Kommentar vom Kicker-Herausgeber zum 4:4

“Kein Einziger zeigte sich, der das Kommando übernehmen konnte oder wollte – kein Kapitän Lahm, kein Schweinsteiger, kein Klose oder Mertesacker sahen sich in der Lage, positive Zeichen zu setzen. Was einst Typen wie Beckenbauer, Bonhof, Matthäus oder Klinsmann auszeichnete, nämlich die Kollegen wenn nötig mitzureißen, hat die heutige Generation schier vermissen lassen.

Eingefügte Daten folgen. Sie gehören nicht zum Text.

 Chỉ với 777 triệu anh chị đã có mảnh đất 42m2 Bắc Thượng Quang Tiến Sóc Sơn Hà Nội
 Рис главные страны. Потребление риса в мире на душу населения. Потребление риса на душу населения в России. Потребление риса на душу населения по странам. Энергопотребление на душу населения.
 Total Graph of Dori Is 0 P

Liegt es am Charakter jedes Einzelnen? Oder vielleicht an der modernen Philosophie vieler Trainer und Manager, den Spielern Individualismus zu entziehen und sie in das Bild eines wohl gerankten Mannschaftsspirits einzuordnen? Kerle mit eigenen starken Ideen sollen sie nur auf dem Platz sein, Verantwortung nur während der 90 Minuten übernehmen. Außerhalb des Spielfeldes drohen für Wagemut und Forschheit gleich Geldstrafen. Vielleicht dient der Schock von Berlin ja zum Überdenken eines Trends, der wunderbare Fußballer hervorgebracht hat, aber noch keine wahren Persönlichkeiten. (von Kicker-Herausgeber Rainer Holzschuh, nachzulesen auf www.kicker.de)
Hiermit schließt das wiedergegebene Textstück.